— Work item —
From the data below, return only the lines from the one with "Neva Style Μπεζ" through the one with "Fur Hood (M)", exact and inclusive, with pictures left out.

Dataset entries
= Beginning of Section =

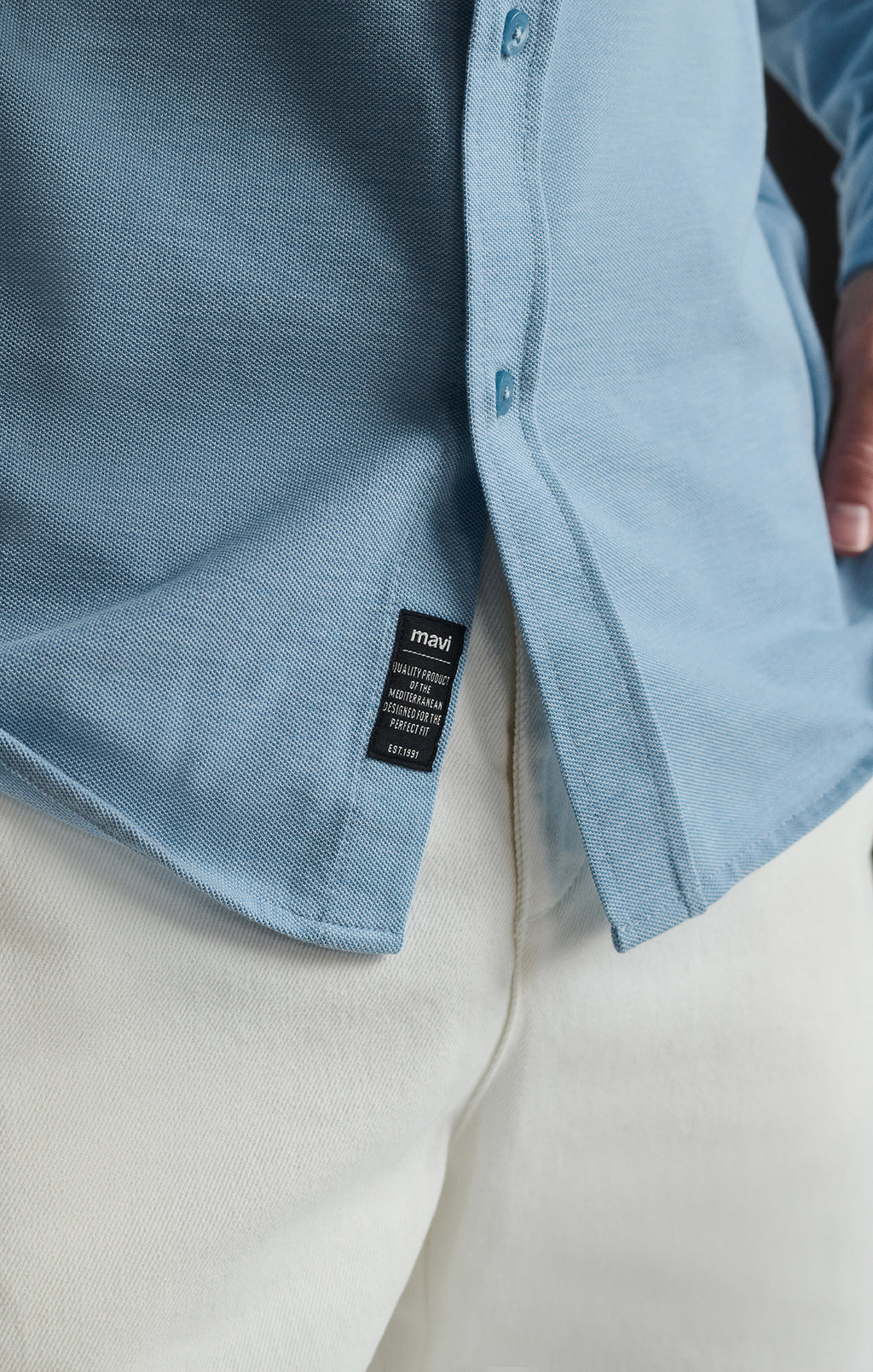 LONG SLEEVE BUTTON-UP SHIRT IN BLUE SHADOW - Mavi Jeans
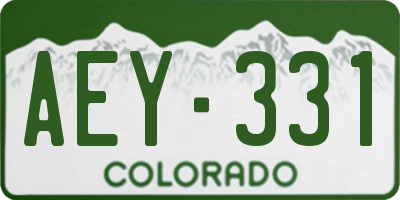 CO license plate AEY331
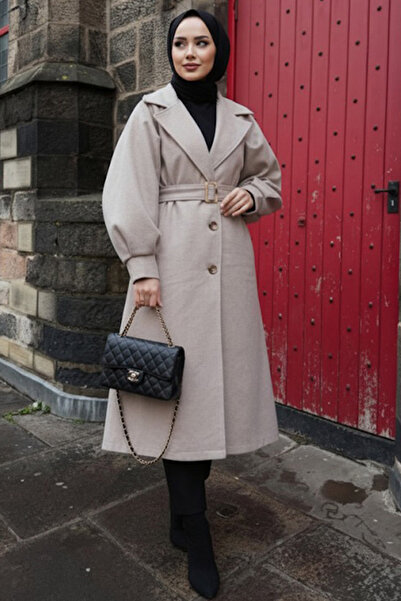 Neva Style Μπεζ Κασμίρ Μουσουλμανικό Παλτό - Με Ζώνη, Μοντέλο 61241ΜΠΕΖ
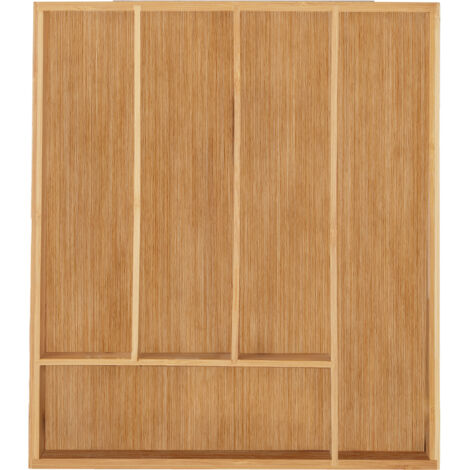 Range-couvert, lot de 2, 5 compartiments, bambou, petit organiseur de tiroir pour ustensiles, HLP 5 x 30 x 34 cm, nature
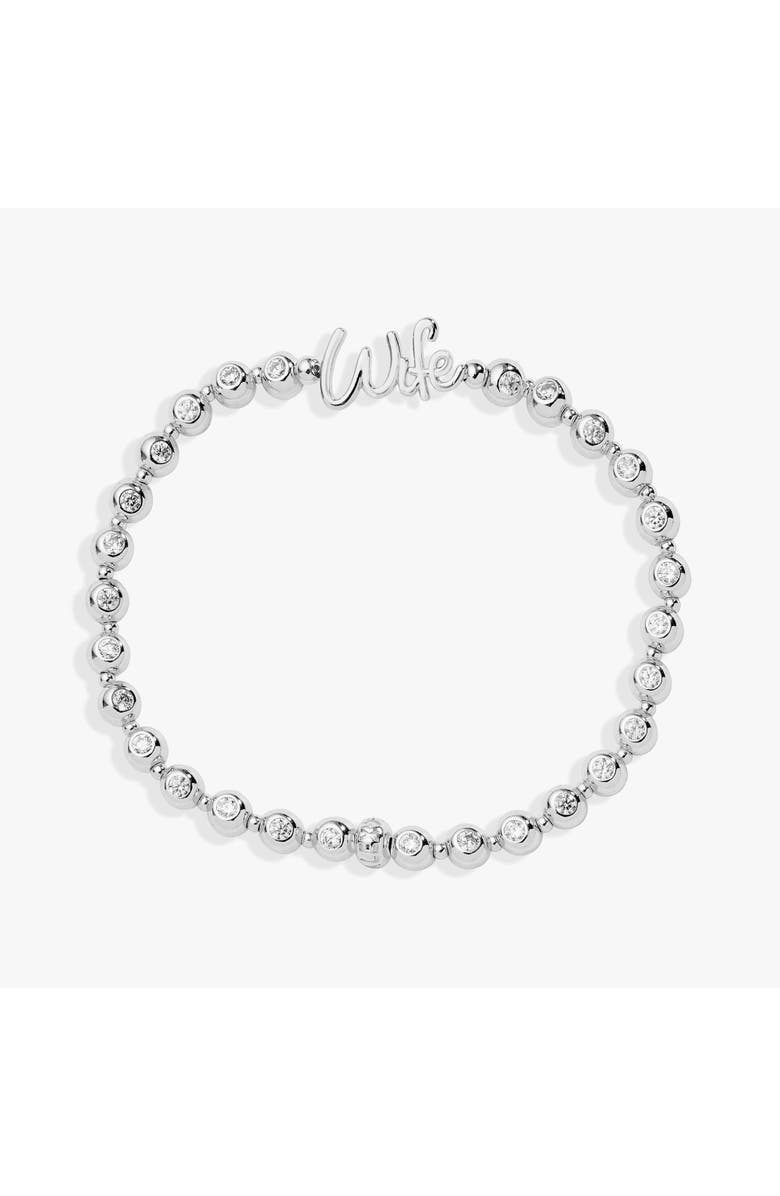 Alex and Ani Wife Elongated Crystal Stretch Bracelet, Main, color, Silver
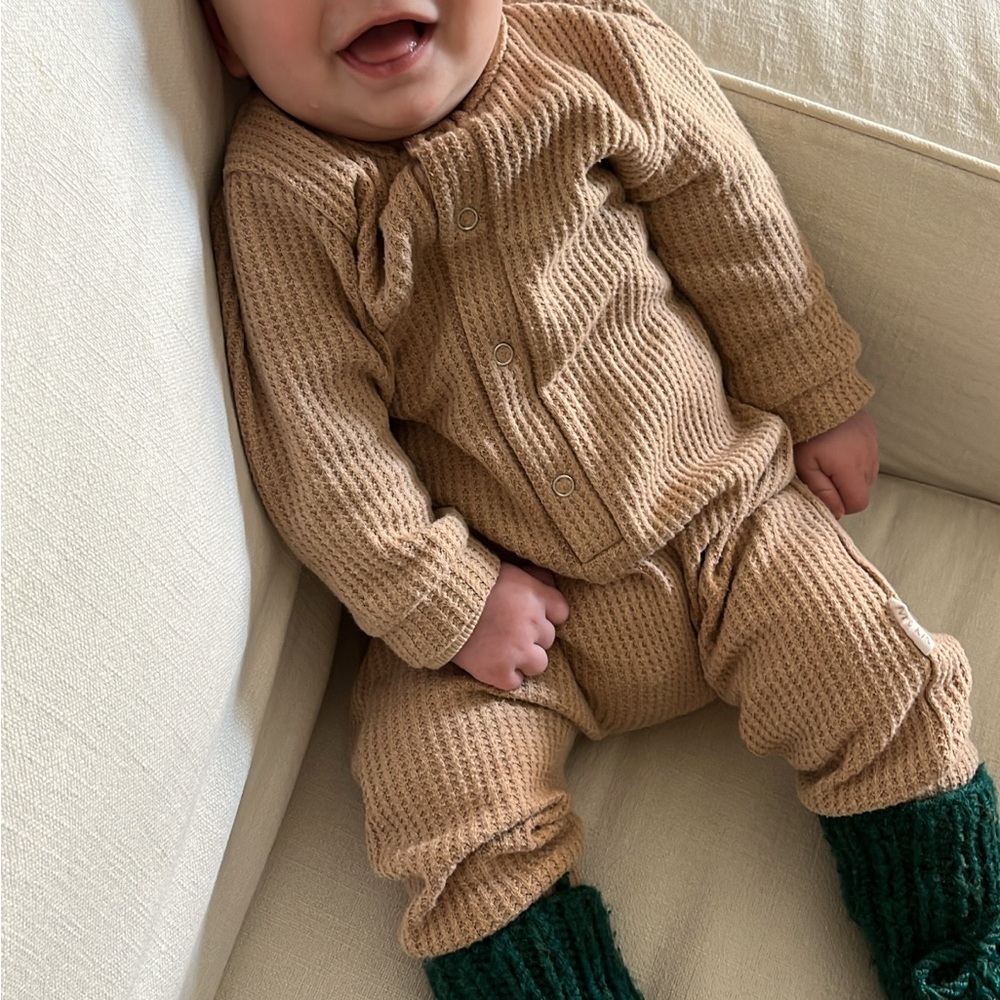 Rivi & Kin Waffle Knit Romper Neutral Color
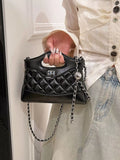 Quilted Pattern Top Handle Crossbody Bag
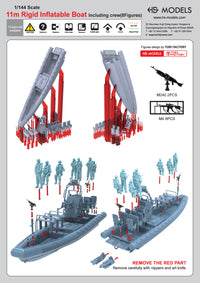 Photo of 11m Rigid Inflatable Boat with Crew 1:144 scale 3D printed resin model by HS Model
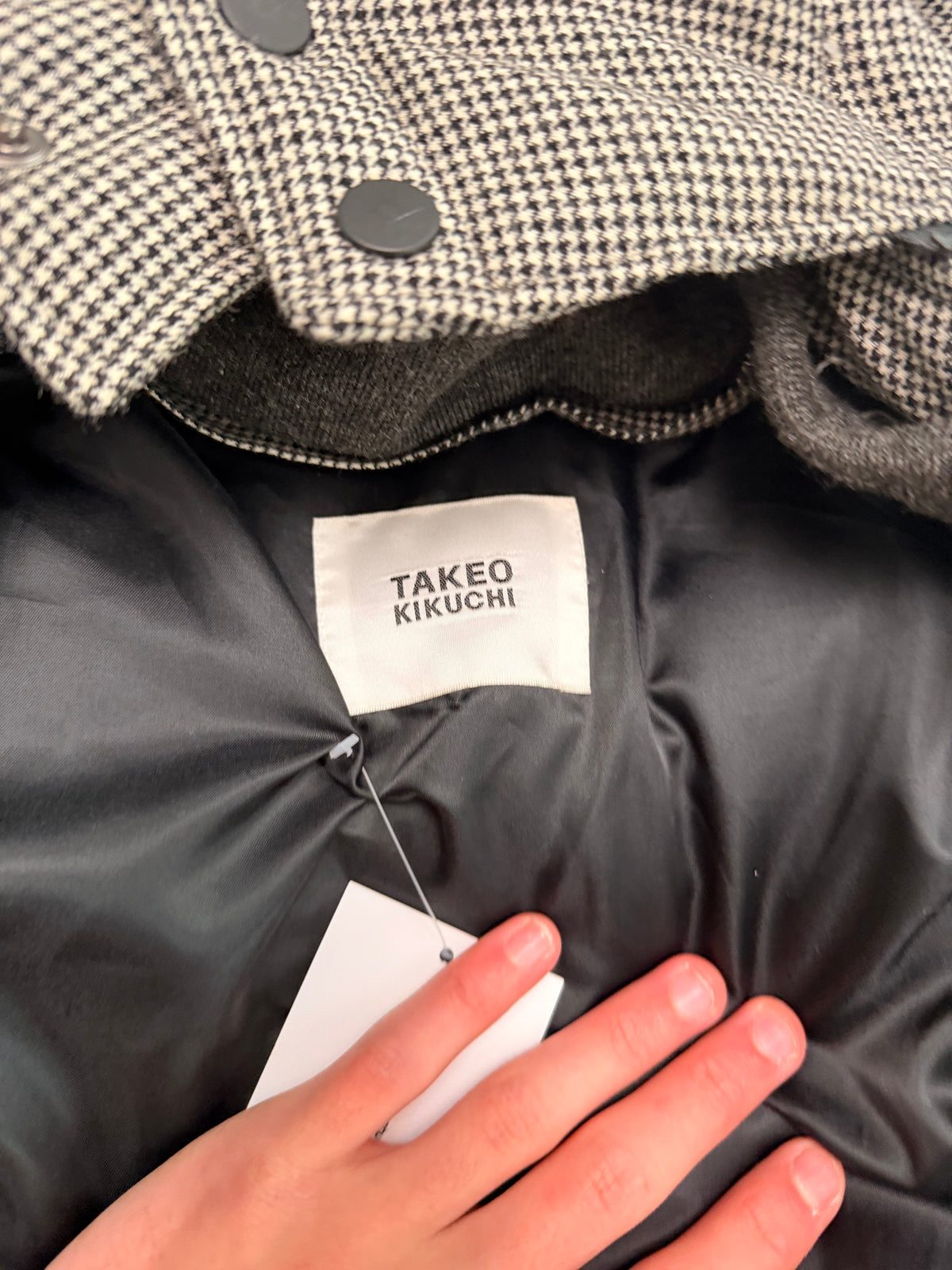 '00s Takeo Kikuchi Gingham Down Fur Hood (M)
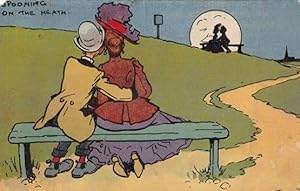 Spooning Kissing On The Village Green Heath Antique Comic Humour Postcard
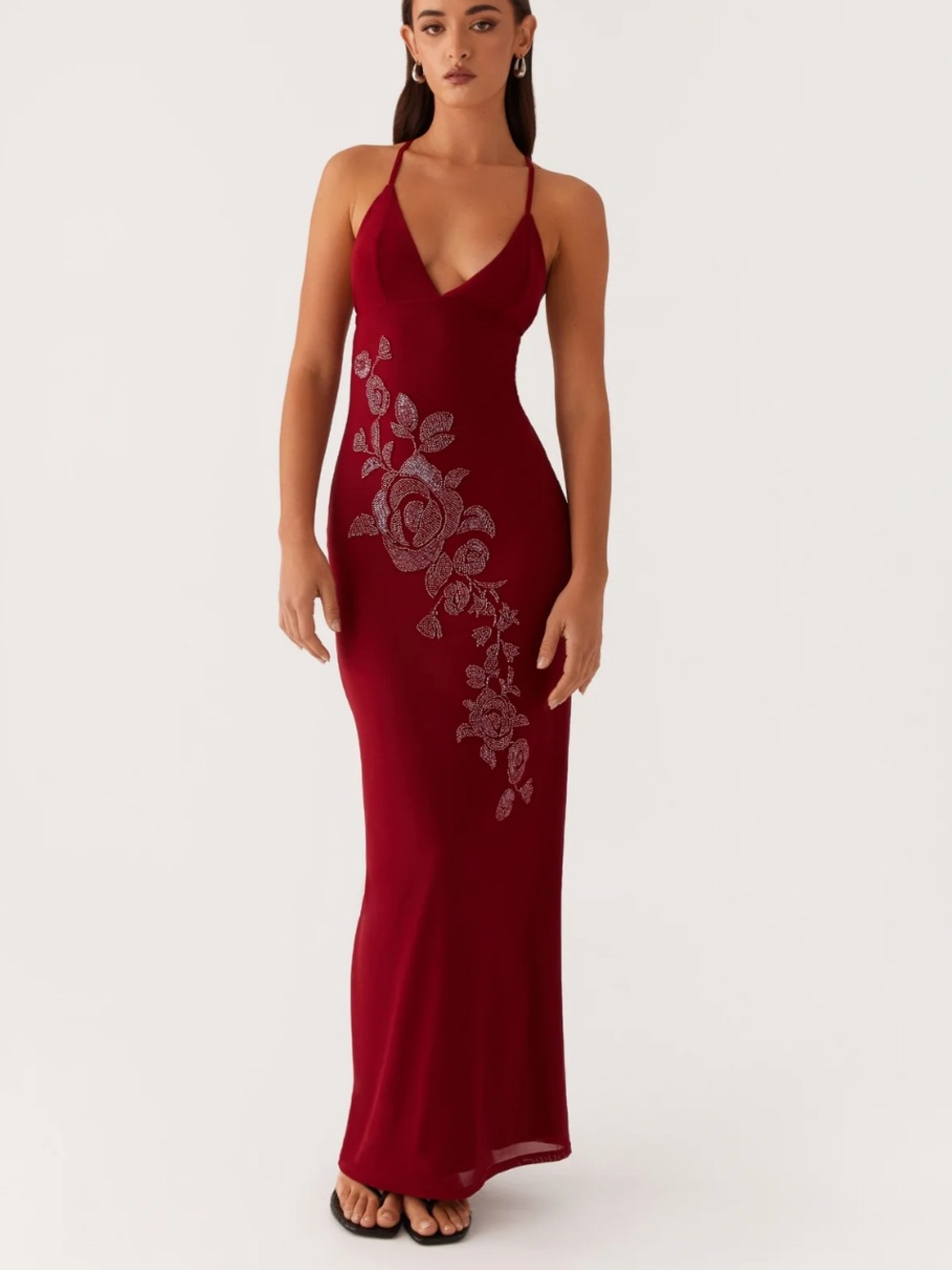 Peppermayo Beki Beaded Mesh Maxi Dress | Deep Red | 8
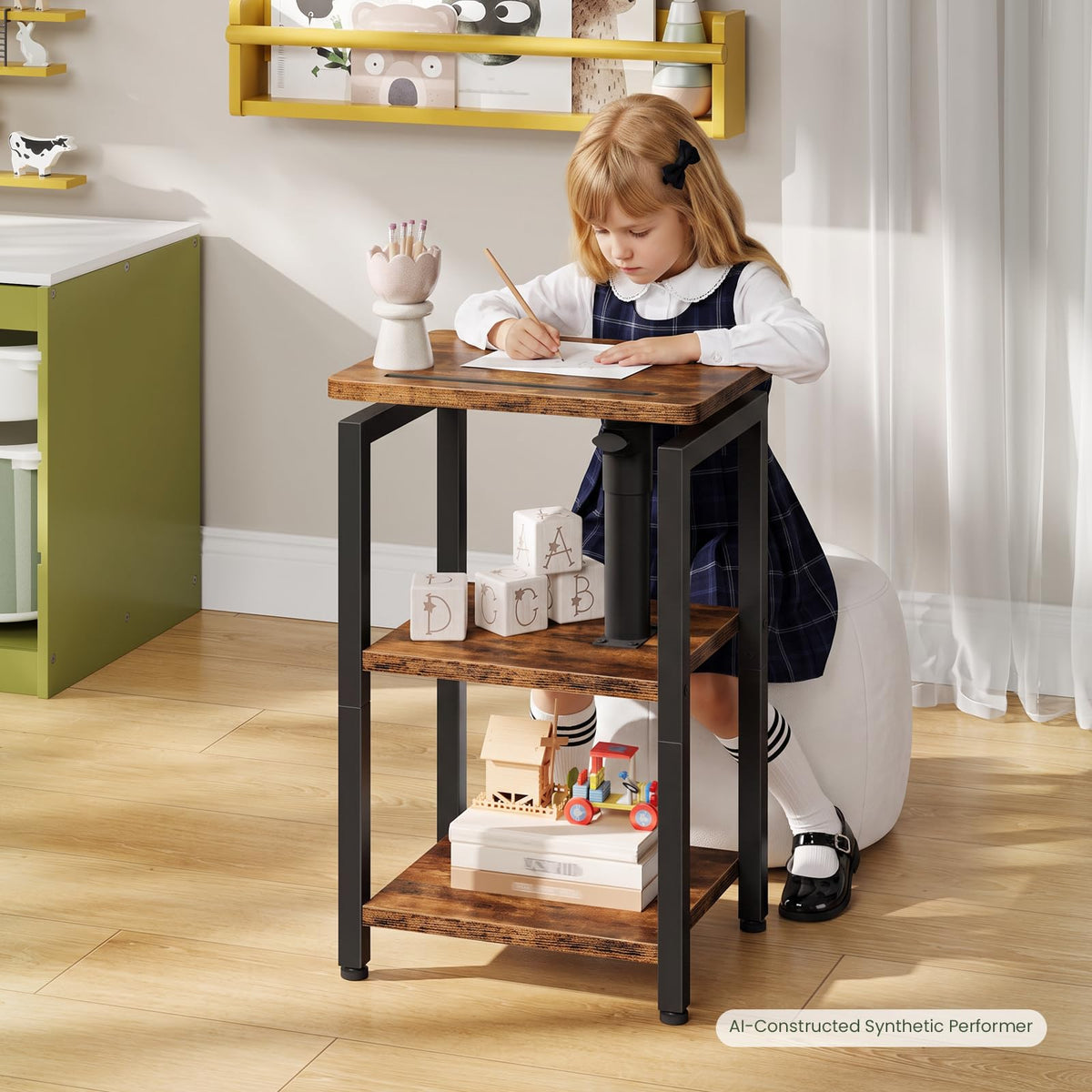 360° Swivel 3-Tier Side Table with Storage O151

= End of Section =

— Response to the task —
 Neva Style Μπεζ Κασμίρ Μουσουλμανικό Παλτό - Με Ζώνη, Μοντέλο 61241ΜΠΕΖ
 Range-couvert, lot de 2, 5 compartiments, bambou, petit organiseur de tiroir pour ustensiles, HLP 5 x 30 x 34 cm, nature
 Alex and Ani Wife Elongated Crystal Stretch Bracelet, Main, color, Silver
 Rivi & Kin Waffle Knit Romper Neutral Color
 Quilted Pattern Top Handle Crossbody Bag
 Photo of 11m Rigid Inflatable Boat with Crew 1:144 scale 3D printed resin model by HS Model
 '00s Takeo Kikuchi Gingham Down Fur Hood (M)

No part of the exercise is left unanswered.